Mine came with a carbon pad that would sit on top of this, but my plants wouldn't thank me for that.

I have only recently purchased this filter after my Fluval 205 leaked because the clips no longer clamp tightly. Actually I was fed-up with it anyway but that's another story...

The Eheim Classics are much better.

For cleaning I found before doing anything opening the top valve and then the bottom valve drains the canister and back-flushes the filter, draging most of the debris out with it. This water is great for you house/garden plants so worth keeping in a watering can!

Then if doing a full clean I remove the filter basket, rinse the canister, take the fine foam out, poor the bioballs into the canister, remove the other media and rinse, then repack. It's all quite neat and tidy with just one bucket/sink required :thumb:

I don't think mine requires cleaning often and so every two months I'll be doing a back-flush/drain and just replacing the fine media on top, then every 4 months do a full clean.

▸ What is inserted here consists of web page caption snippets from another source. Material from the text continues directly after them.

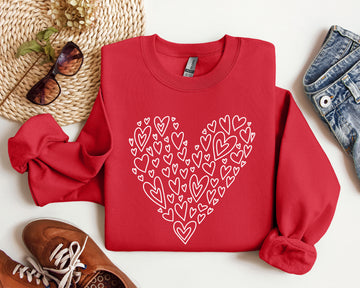 Valentine's Heart Sweatshirt, Vintage Valentine's Day Sweatshirt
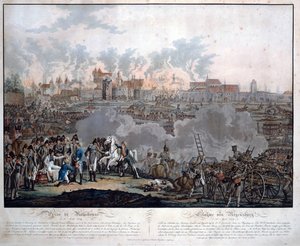Slaget ved Ratisbon den 23. april 1809 (slaget ved Regensburg) - Rugendas, Johann Lorenz, den yngre (1775-1826) - 1809 - Akvatinte - 54,6x65,4 - Privat samling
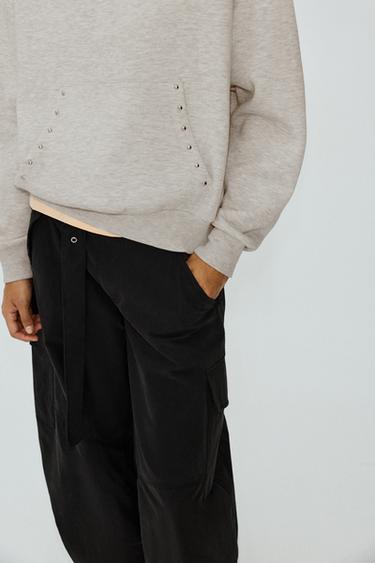 Studded hoodie — Grey marl 3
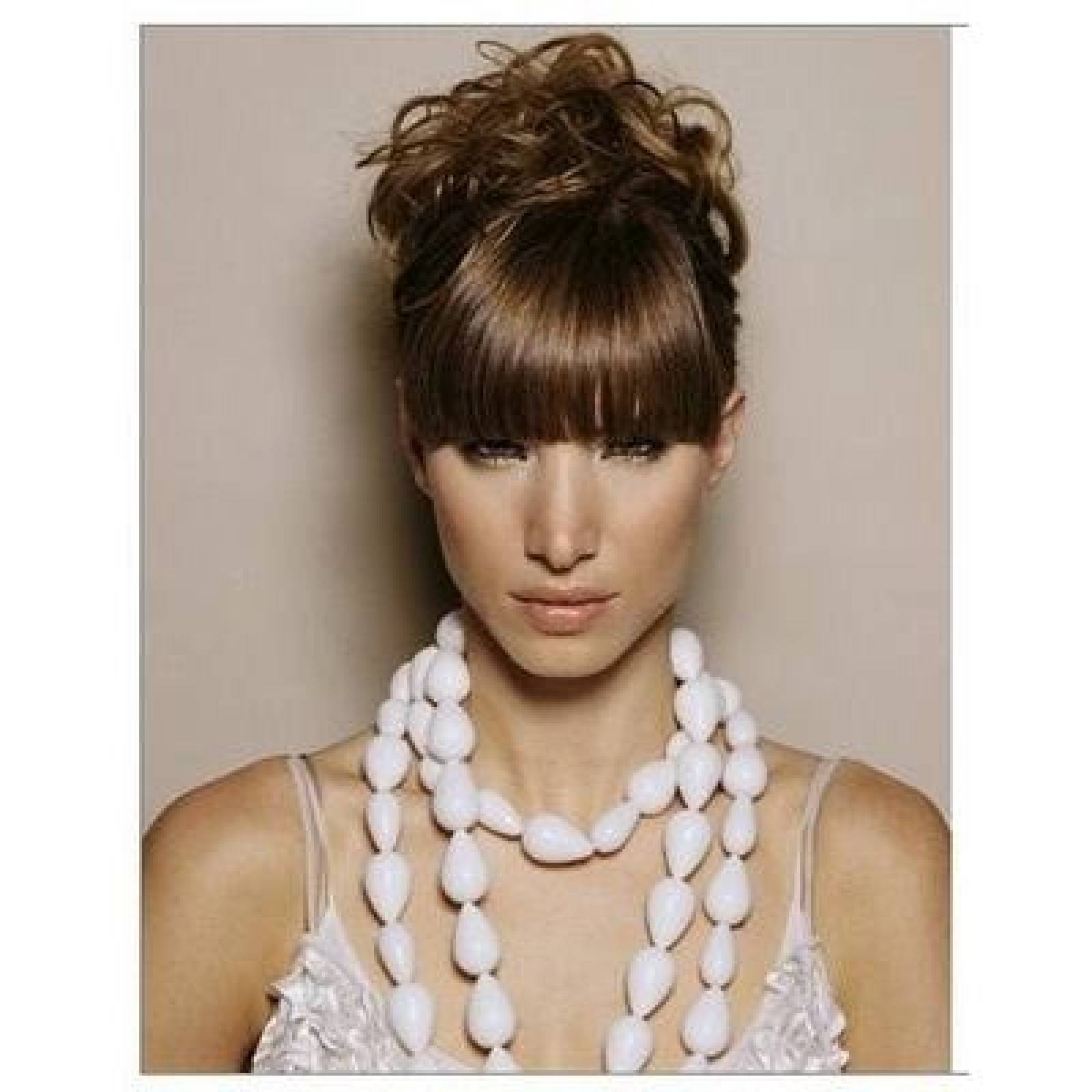 Peluca De Fleco Con Clip- Castaño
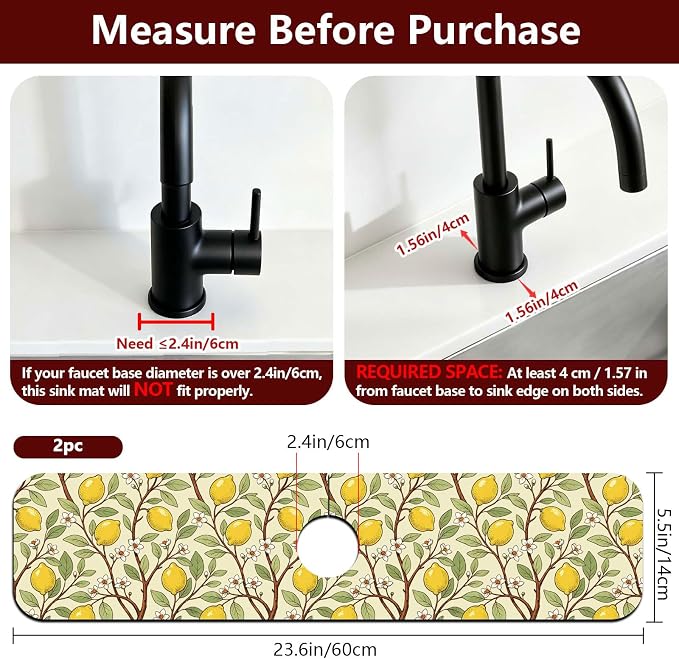 2 Pcs Kitchen Sink Splash Guard Faucet Mat Lemon Tree Pattern Faucet Mat for Sinks Flower Absorbing Drying Mats for Kitchen Bathroom - Image 2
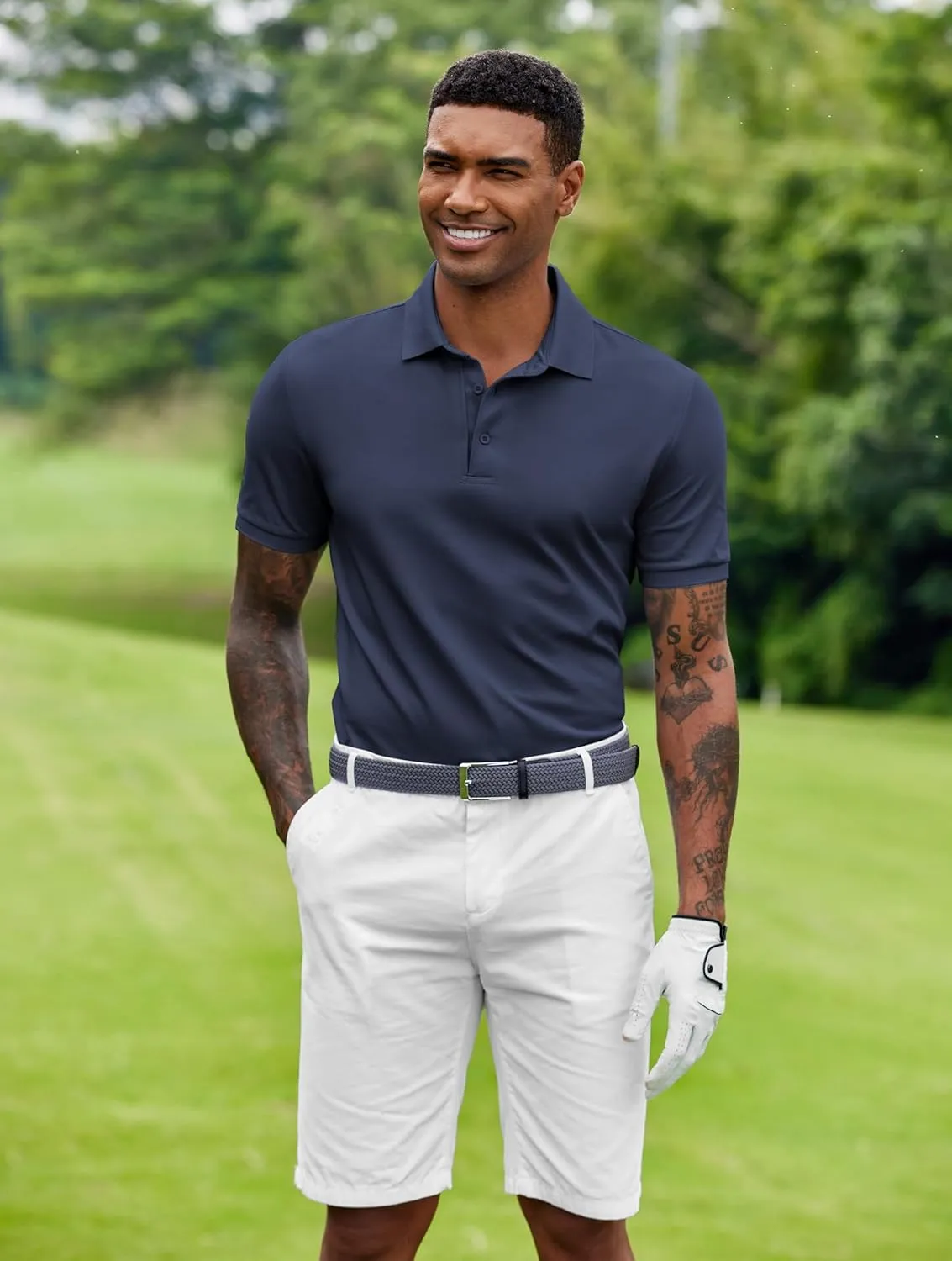 COOFANDY Mens Polo Shirt Short Sleeve Moisture Wicking Quick-Dry Golf Polo Athletic Tennis Collared T-Shirts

I think the biggest difference is having the ceramic tubes as the pre filter before the blue foam (unlike Fluval 205) and the fact theres no seepage past the media baskets so the big stuff doesn't reach the bioballs (as it did in the Fluval).

You WILL need the valves though, I think yours comes with them. This makes refilling easy, just connect, open the valves, let it fill, shake around a bit and plug in, shake a bit more for maybe 10-30 seconds and that's it, job done. ALL canister filters I have used require this shake anyway, no matter how good the priming systems are.

As you can tell I am very impressed with my Eheim and won't use anything else now :thumb:


----------